* _What the task requires_:
Print the lines of the entries below from the one with "thumbnail image 5" through the final line, exactly as they appear. The pictures are not part of the copy.

* _Information_:
== Segment start ==
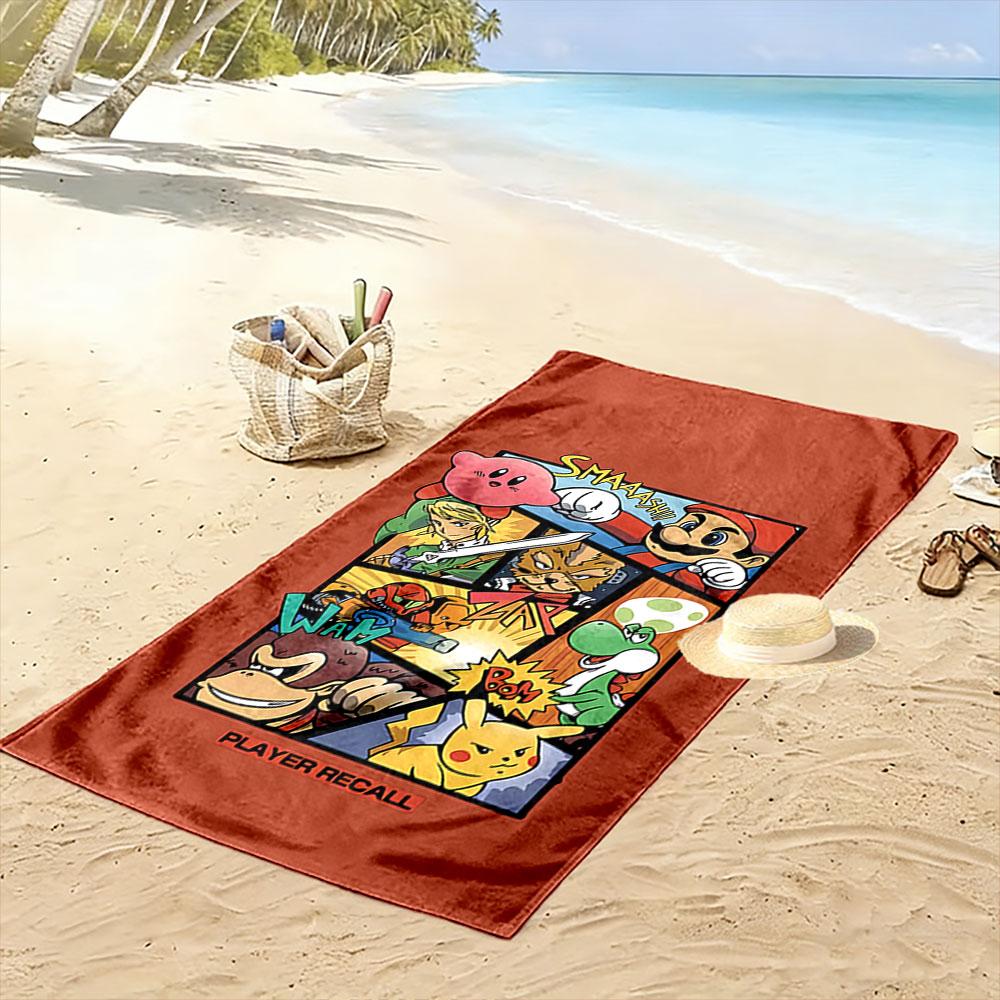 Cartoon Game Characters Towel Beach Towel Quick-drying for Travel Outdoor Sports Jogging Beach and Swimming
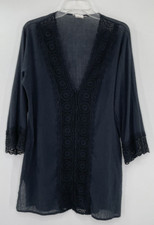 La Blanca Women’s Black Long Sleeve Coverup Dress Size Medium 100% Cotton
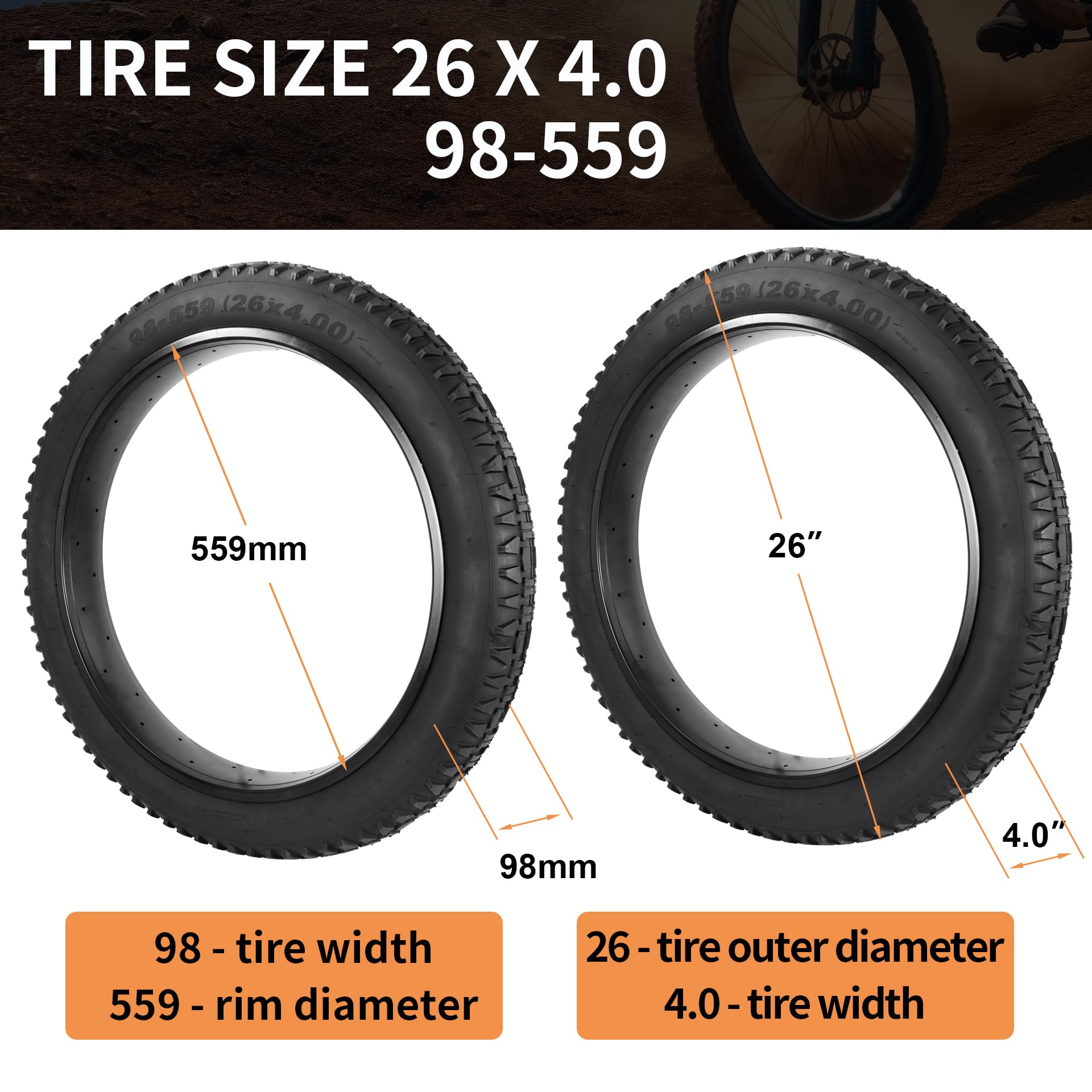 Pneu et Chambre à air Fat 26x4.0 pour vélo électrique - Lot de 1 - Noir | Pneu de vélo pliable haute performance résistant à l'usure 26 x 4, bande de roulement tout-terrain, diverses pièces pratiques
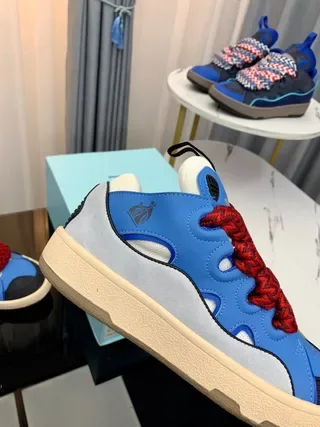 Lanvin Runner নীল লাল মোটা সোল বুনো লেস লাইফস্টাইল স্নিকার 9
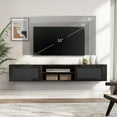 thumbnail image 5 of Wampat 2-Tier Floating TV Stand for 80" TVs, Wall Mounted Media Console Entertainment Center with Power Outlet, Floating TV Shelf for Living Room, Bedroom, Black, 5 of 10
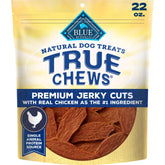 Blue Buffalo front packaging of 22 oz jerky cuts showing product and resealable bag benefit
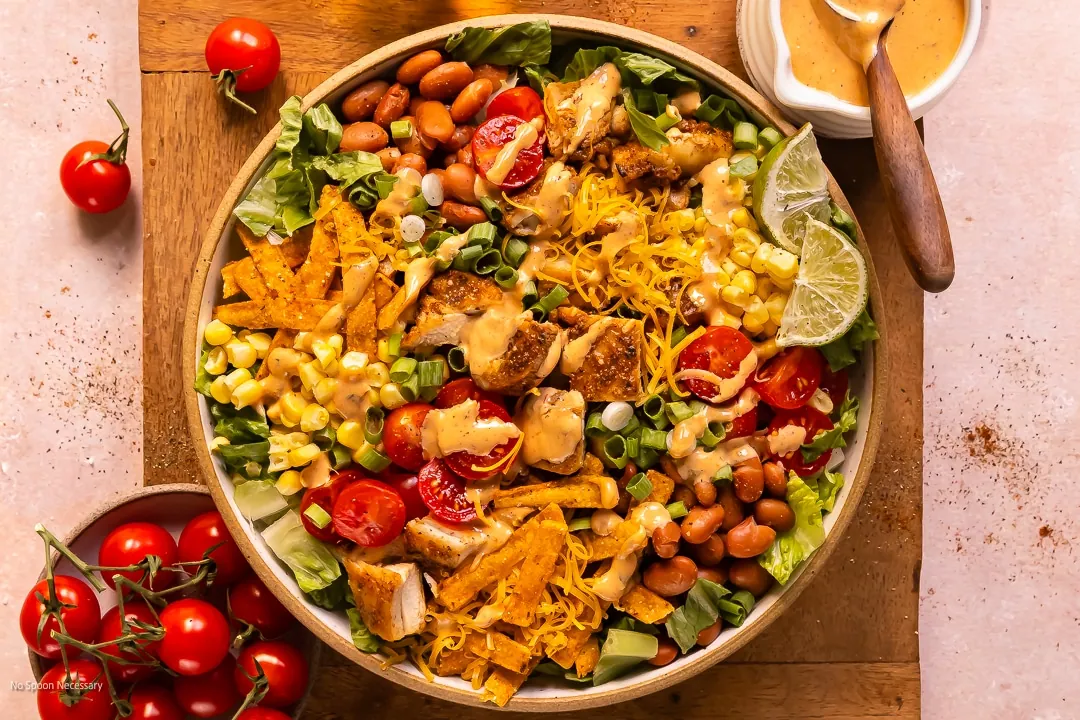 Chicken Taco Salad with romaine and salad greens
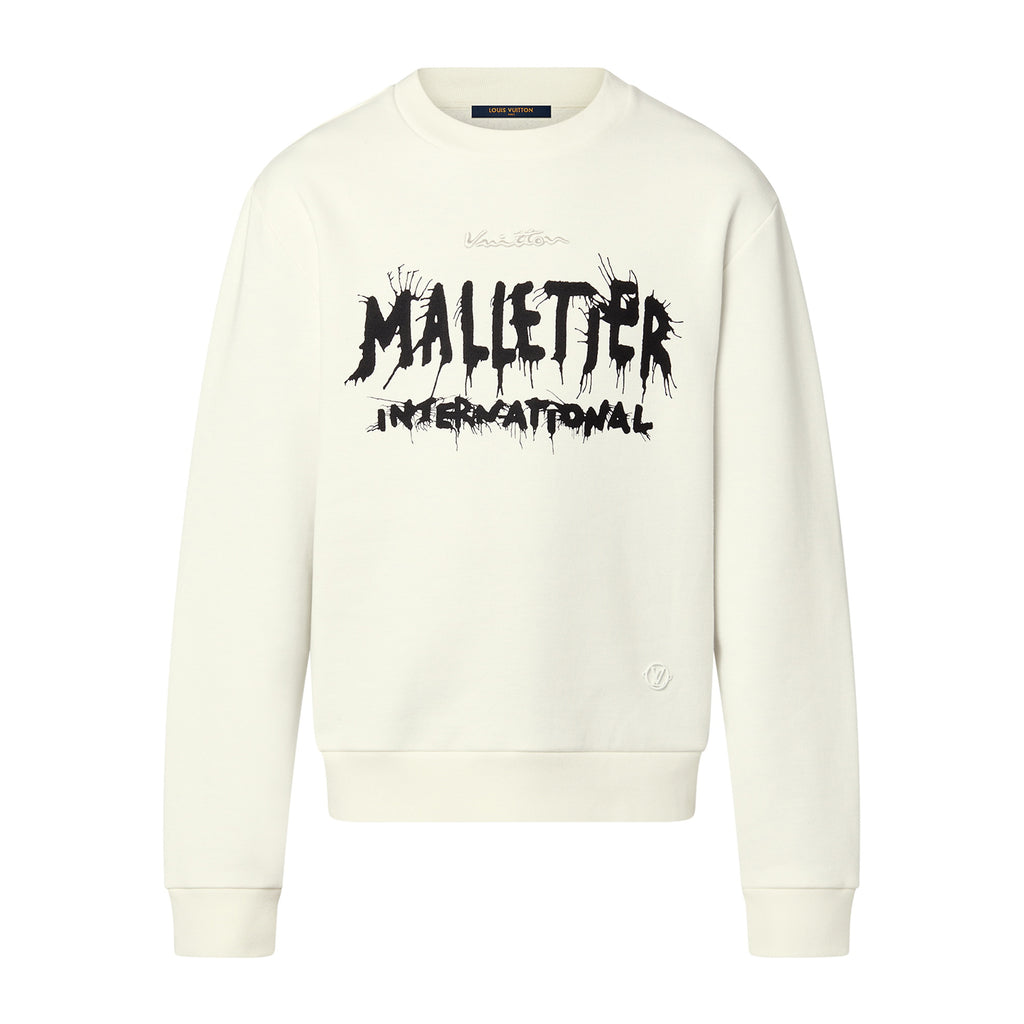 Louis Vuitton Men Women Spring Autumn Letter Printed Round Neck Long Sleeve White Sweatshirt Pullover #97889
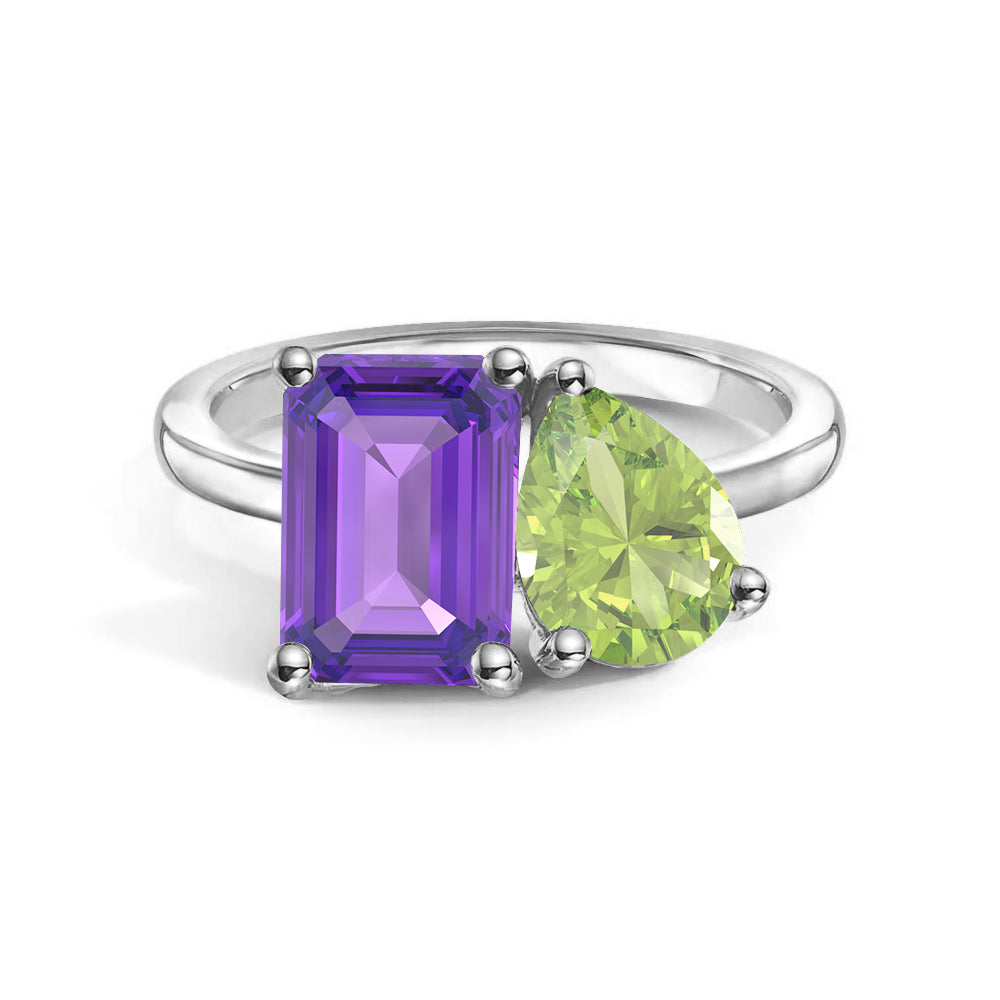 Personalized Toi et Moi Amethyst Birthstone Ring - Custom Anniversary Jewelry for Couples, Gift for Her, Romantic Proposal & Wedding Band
== Segment end ==
* _Task response_:
 thumbnail image 5 of Wampat 2-Tier Floating TV Stand for 80" TVs, Wall Mounted Media Console Entertainment Center with Power Outlet, Floating TV Shelf for Living Room, Bedroom, Black, 5 of 10
 Blue Buffalo front packaging of 22 oz jerky cuts showing product and resealable bag benefit
 Chicken Taco Salad with romaine and salad greens
 Louis Vuitton Men Women Spring Autumn Letter Printed Round Neck Long Sleeve White Sweatshirt Pullover #97889
 Personalized Toi et Moi Amethyst Birthstone Ring - Custom Anniversary Jewelry for Couples, Gift for Her, Romantic Proposal & Wedding Band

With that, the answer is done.